NEW FRANKLIN  The Manchester football season ended Nov. 10 with a 34-14 regional semifinal loss to South Range, but the effects of the season will continue for some time for one member of the team.

Junior quarterback Robbie Wagner suffered a fracture in the C-5 vertebrae in his neck during the Panthers’ 26-12 win over Northwest in Week 7 when he was tackled on a scramble along the sideline. In the aftermath of the play, there were those who felt the hit was over the line, but for Wagner and his family, the focus was on getting the medical attention he needed.

"I just remember going out, it was fourth-and-16 I think and we called pass," Wagner said. "I dropped back and felt the rush from the left side, so I took off running, saw the open field and the next thing I know I see kid who hit me and everything went black."

Wagner remembers hearing people talking but not being able to see anything, then when he was able to see what was around him, not being able to move. What transpired next was a blur, but what seemed like an eternity to him was, in his estimation after the fact, only about 30 minutes or so of being tended to and rushed to the hospital, where doctors diagnosed his injury.

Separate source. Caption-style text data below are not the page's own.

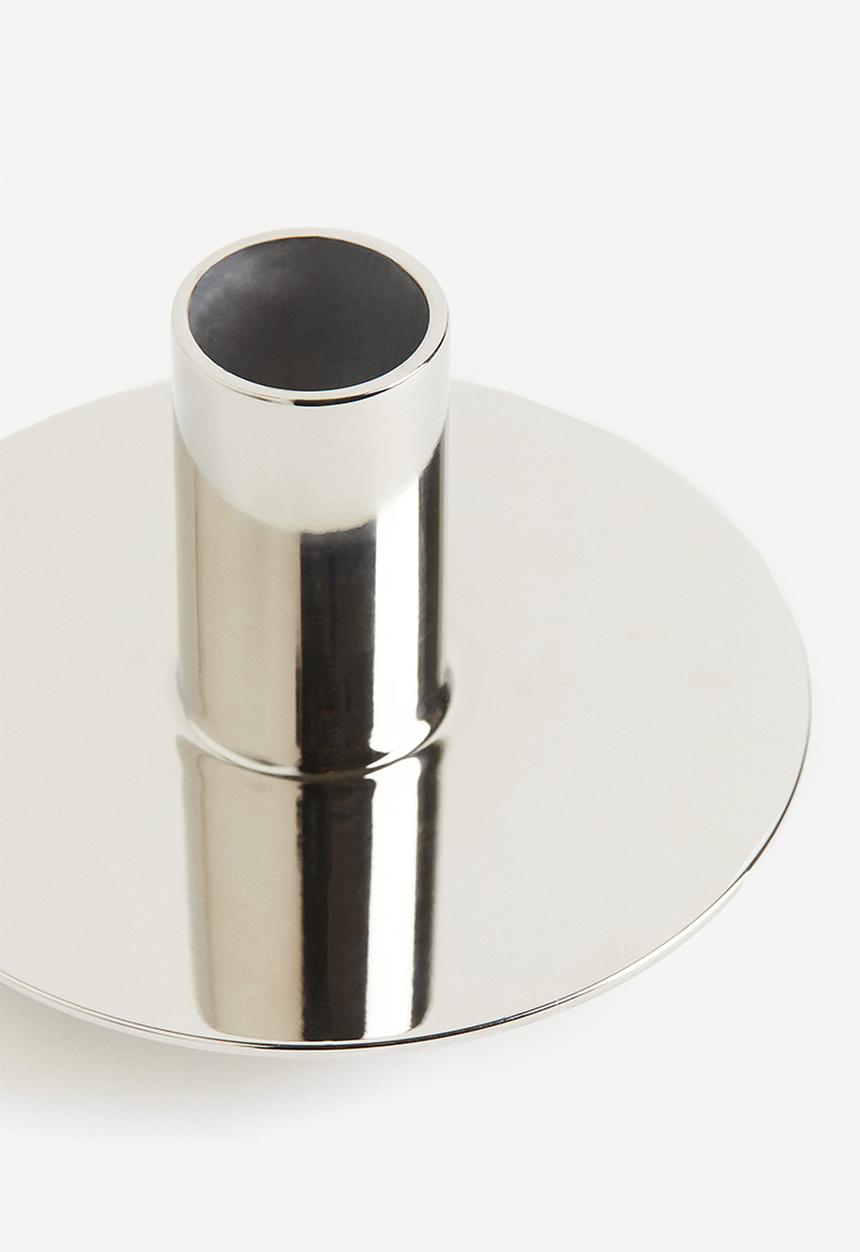H&M - Metal candlestick - silver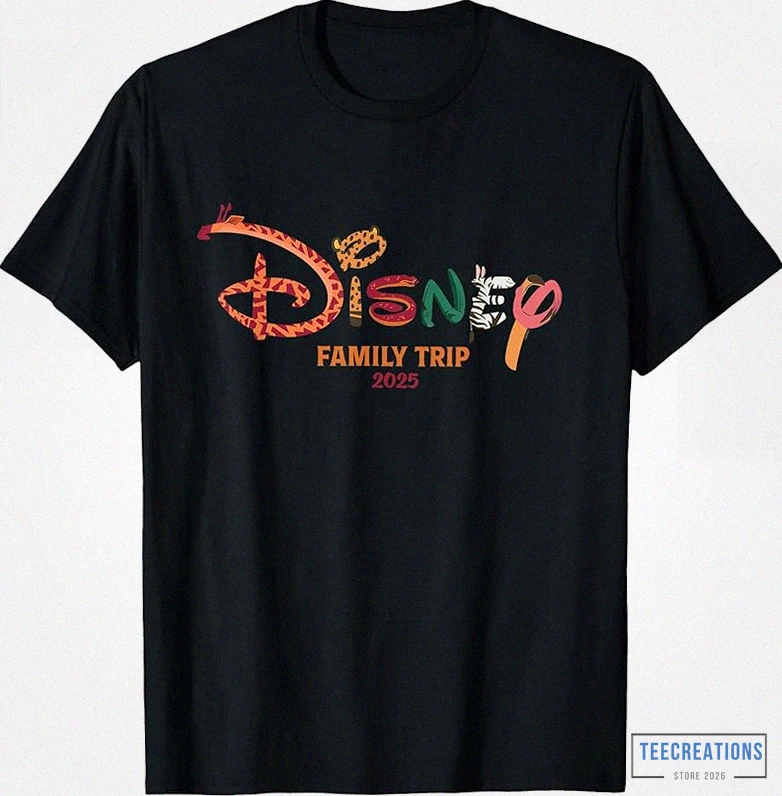 Teecreations - Graphic Tee - Disney Family Trip 2025 Animal Shape Logo Matching Vacation T - Shirt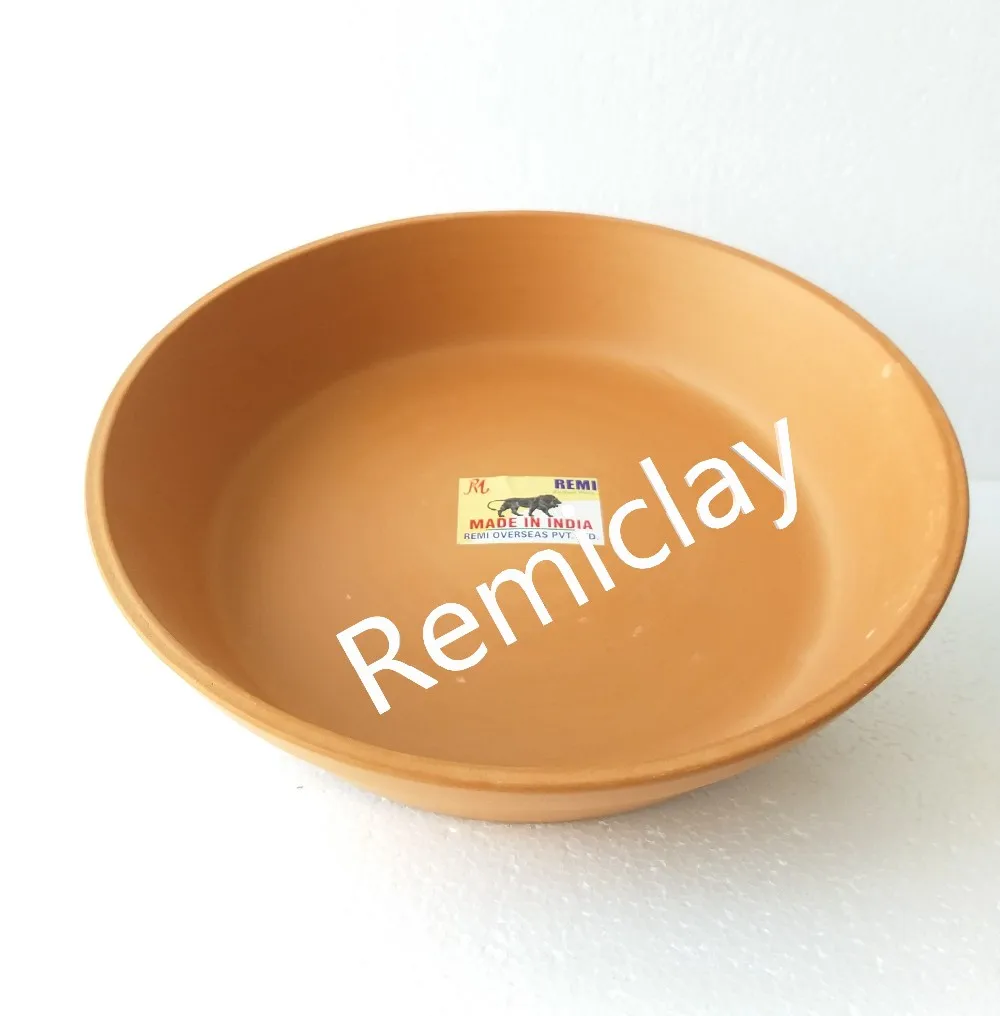 Terracotta Earthen Clay Serving Plate For Sweets Or Decoration Food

"I had no clue … I wanted to get up, but there was screaming and yelling and they told me to stay still," Wagner said. "It was pretty scary. I didn’t know if I was going to need surgery."

Initially, the focus among Wagner’s doctors was on getting him ready for surgery to stabilize his neck. He had feeling in his extremities and didn’t have any paralysis, which were positive signs, but he and his family knew the recovery process wouldn’t be fast or easy.

NEXT STEPS

Following surgery, Wagner knew one thing for certain: his football career was over.

"They said I was good to go and to be able to live normally, but I can’t play football any more," Wagner said. "I also couldn’t eat normally for the first to weeks after I got out of the hospital."

Not being able to sit down and eat a normal meal was one challenge, but it wasn’t the only one. Wearing a neck brace everywhere he went became another part of the routine for Wagner, who hasn’t returned to school since the injury. He has school work sent home and works on it from the comfort of his house, doing his best to keep up even though he can’t sit in class to hear lessons and interact with his teachers on a daily basis.

After spending seven days in the hospital following the injury, being home was a welcome change. Wagner was initially taken to Akron Children’s Hospital before being transferred to Akron City Hospital for the rest of his stay. He heard from plenty of friends, family members and teammates starting the night of the injury and those well wishes continued for the first game he attended after the injury, the Panthers’ regular-season home finale against CVCA.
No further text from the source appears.